You see, I recently moved to the furthest US coast, as far from my friends and family as I could get without treading actual water. I left in search of a dream, one my generation chooses to pursue rather than vacuously discuss: in my case it was sunshine, success and…smog. I greeted the flowered streets of Los Angeles with ten dollars on my debit card and a cat carrier slung over my shoulder. I did it, and man was it hard—and continues to be. If I thought college was a blistering desert, this was the Mojave. Interview after interview, I buttoned my starched shirt and pulled on my ever-tightening pencil skirt.
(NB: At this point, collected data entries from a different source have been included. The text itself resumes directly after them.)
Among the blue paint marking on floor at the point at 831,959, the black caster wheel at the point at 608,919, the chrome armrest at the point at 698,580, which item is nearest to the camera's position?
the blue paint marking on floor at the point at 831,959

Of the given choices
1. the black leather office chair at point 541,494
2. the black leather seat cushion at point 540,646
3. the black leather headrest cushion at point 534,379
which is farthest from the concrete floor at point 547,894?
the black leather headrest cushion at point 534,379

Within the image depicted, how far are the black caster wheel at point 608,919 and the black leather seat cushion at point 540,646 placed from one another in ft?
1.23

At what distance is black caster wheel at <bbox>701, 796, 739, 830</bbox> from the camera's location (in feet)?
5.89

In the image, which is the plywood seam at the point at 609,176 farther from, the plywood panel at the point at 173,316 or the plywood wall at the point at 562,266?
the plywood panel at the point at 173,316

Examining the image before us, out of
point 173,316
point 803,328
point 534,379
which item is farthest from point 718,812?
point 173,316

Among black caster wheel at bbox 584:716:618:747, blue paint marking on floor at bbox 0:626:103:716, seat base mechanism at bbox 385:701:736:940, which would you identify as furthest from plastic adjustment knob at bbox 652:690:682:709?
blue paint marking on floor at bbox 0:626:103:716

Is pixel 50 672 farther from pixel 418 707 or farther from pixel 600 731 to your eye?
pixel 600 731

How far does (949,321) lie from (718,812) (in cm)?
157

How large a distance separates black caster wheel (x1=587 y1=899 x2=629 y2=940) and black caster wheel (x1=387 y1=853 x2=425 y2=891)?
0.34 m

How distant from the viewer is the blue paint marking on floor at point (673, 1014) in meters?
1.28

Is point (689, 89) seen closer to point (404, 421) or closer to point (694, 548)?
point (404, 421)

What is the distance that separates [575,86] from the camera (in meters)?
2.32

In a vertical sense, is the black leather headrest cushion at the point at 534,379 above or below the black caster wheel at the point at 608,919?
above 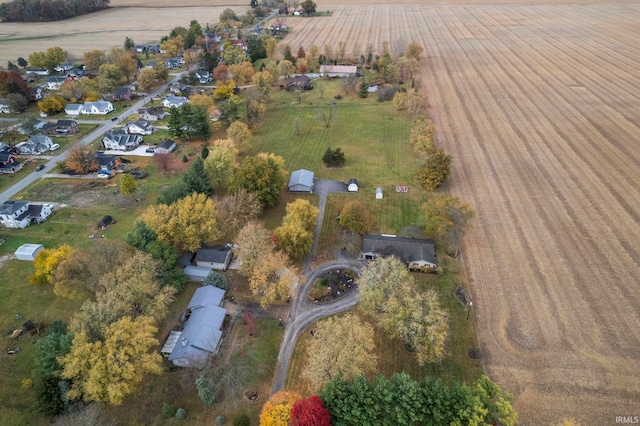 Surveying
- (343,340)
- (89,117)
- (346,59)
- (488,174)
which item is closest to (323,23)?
(346,59)

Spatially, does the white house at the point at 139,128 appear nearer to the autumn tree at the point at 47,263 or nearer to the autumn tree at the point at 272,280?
the autumn tree at the point at 47,263

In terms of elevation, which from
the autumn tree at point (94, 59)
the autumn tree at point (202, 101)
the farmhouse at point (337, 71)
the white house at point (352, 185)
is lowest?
the white house at point (352, 185)

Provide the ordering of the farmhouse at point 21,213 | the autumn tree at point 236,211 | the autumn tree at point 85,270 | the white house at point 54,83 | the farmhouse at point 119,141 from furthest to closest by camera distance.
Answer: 1. the white house at point 54,83
2. the farmhouse at point 119,141
3. the farmhouse at point 21,213
4. the autumn tree at point 236,211
5. the autumn tree at point 85,270

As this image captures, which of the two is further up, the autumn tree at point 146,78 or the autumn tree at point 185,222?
the autumn tree at point 146,78

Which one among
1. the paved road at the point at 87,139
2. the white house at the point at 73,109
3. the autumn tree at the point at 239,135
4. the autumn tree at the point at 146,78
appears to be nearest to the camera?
the paved road at the point at 87,139

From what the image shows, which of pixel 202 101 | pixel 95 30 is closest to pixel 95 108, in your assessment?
pixel 202 101

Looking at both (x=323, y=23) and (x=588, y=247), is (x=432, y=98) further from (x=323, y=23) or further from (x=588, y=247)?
(x=323, y=23)

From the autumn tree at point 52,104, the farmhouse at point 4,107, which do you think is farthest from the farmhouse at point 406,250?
the farmhouse at point 4,107

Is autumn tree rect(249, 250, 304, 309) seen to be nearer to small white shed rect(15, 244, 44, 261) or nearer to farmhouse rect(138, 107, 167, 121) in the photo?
small white shed rect(15, 244, 44, 261)

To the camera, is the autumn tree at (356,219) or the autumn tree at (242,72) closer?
the autumn tree at (356,219) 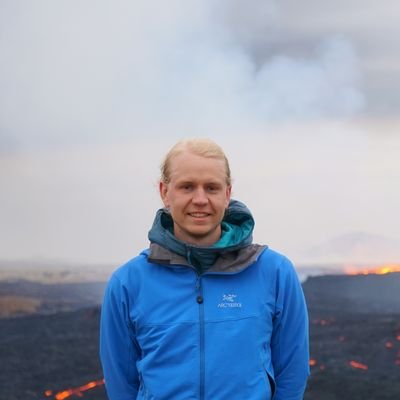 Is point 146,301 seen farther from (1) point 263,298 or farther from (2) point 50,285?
(2) point 50,285

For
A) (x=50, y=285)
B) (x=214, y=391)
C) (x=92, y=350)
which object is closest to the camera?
(x=214, y=391)

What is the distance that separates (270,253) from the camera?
5.92 feet

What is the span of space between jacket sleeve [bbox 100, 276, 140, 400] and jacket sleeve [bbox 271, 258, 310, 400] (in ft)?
1.18

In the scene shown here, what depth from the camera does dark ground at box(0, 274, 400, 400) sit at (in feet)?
21.8

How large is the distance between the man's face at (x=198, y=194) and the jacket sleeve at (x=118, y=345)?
233 millimetres

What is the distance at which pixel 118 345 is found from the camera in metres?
1.83

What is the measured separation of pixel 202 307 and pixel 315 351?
6.74 metres

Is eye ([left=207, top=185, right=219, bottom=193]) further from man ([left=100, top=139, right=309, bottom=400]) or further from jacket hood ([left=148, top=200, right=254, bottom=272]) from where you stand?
jacket hood ([left=148, top=200, right=254, bottom=272])

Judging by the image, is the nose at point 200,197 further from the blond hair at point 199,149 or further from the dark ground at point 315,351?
the dark ground at point 315,351

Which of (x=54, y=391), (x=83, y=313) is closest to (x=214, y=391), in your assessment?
(x=54, y=391)

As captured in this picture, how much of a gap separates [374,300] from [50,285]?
5.44 m

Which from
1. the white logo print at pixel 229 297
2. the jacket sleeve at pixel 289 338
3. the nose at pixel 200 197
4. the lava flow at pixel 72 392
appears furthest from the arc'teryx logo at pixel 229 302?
the lava flow at pixel 72 392

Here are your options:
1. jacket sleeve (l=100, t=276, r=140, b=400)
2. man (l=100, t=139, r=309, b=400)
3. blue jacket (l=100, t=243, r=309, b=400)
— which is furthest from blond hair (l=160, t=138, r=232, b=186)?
jacket sleeve (l=100, t=276, r=140, b=400)

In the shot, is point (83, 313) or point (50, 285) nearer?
point (83, 313) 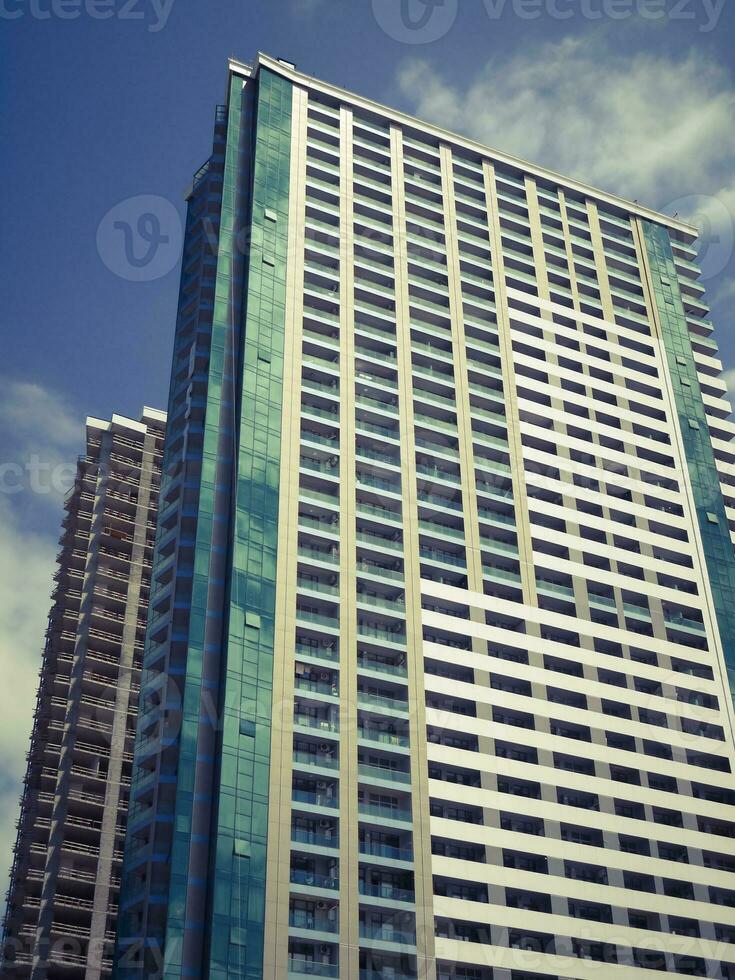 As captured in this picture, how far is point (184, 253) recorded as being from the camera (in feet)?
323

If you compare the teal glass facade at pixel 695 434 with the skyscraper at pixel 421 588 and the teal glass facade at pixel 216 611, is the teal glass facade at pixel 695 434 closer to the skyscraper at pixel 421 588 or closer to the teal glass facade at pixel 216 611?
the skyscraper at pixel 421 588

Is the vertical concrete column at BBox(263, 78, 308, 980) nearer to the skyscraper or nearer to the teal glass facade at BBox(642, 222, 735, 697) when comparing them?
the skyscraper

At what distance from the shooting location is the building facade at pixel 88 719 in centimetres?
8325

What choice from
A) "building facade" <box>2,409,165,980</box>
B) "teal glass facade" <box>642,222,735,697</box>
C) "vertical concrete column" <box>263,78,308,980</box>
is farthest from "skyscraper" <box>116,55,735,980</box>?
"building facade" <box>2,409,165,980</box>

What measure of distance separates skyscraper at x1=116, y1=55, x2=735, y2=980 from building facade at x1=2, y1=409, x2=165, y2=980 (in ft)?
62.1

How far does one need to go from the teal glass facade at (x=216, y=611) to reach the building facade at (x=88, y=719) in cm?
1849

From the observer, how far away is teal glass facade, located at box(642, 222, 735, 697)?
310 feet

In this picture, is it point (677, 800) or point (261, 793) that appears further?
point (677, 800)

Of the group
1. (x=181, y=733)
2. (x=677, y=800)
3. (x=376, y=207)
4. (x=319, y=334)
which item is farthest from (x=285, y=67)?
(x=677, y=800)

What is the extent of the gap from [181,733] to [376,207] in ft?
171

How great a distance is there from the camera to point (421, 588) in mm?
80875

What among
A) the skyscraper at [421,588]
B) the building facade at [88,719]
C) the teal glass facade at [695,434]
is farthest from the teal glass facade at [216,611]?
the teal glass facade at [695,434]

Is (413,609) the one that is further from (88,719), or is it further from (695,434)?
(695,434)

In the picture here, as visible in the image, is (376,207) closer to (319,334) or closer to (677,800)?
(319,334) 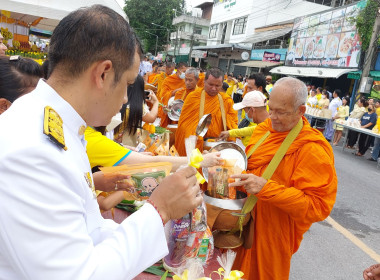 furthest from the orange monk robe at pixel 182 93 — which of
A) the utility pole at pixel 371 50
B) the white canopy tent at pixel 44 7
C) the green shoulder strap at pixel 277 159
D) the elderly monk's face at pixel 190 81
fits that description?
the utility pole at pixel 371 50

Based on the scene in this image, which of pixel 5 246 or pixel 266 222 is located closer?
pixel 5 246

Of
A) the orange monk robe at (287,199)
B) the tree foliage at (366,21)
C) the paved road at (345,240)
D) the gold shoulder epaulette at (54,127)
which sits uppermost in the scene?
the tree foliage at (366,21)

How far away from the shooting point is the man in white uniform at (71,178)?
0.63m

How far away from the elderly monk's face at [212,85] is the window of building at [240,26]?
Result: 29.2 metres

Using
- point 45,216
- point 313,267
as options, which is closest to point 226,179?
point 45,216

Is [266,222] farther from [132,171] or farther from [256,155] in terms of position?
[132,171]

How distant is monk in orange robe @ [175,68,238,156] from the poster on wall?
12.5 metres

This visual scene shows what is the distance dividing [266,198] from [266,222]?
14.2 inches

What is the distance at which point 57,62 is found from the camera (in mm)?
859

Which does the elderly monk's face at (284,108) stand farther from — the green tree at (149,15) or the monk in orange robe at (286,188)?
the green tree at (149,15)

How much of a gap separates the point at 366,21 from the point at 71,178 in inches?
634

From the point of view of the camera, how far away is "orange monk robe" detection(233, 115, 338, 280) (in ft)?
6.54

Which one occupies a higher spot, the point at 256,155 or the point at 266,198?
the point at 256,155

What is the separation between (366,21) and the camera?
1352 centimetres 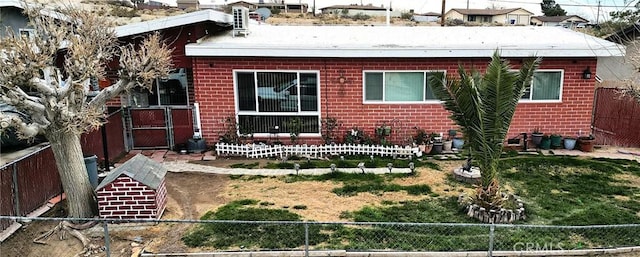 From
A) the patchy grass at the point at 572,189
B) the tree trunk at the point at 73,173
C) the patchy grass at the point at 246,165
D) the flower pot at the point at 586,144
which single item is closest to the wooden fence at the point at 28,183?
the tree trunk at the point at 73,173

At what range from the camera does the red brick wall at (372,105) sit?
1279 cm

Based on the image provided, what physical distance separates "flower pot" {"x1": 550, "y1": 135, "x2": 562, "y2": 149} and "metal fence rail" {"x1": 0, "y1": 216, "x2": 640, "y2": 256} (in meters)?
5.76

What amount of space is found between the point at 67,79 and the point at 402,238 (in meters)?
5.73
Each left me with hope, and days later, with empty disappointment when my phone failed to jingle with congratulatory remarks. The looming debt of my student loans, though not as heavy as some, beckoned to me with its empty promises and impeding due date. Most days I just wanted to curl into a ball, but instead, I sent out hundreds more applications, and eventually, the day came when I was offered a job. Not just a job, but a career in my field, with an opportunity greater than my simple mind could have fabricated.

Now, this is the part where I am supposed to close with instrumental words of wisdom and change, a description of how much easier life is since I took the plunge of chance. However, I want to state that I never was one for cliché, so I probably should not start midway through my twenties. We are creatures of habit, after all. If the events of this year have taught me anything, it is that we often do not know what is best for even our own lives. We hang a portrait in our minds, but upon inspection, we see that the paint is beginning to crack and peel because, in our fervor, we forgot to preserve its material. This holiday season, I refuse to be thankful for the victories, small or large. I refuse to be a Hallmark for a holiday that we have begun to make meaningless. Instead, I promise to hold eagerly to the struggles, the heartbreaks, and the poorly executed decisions of my life. I will clutch the ones I treasure, because nothing makes those treasures clearer than distance. I will not make resolutions with the New Year, for with each year comes change that we cannot expect, nor predict. I will be thankful for the unexpected, the unanticipated, the unplanned, because outside of myself lies greater devices than I myself can make. I will cherish my family, both blood and built. Tomorrow comes a new day with a swell of challenges, and I will welcome them and be thankful.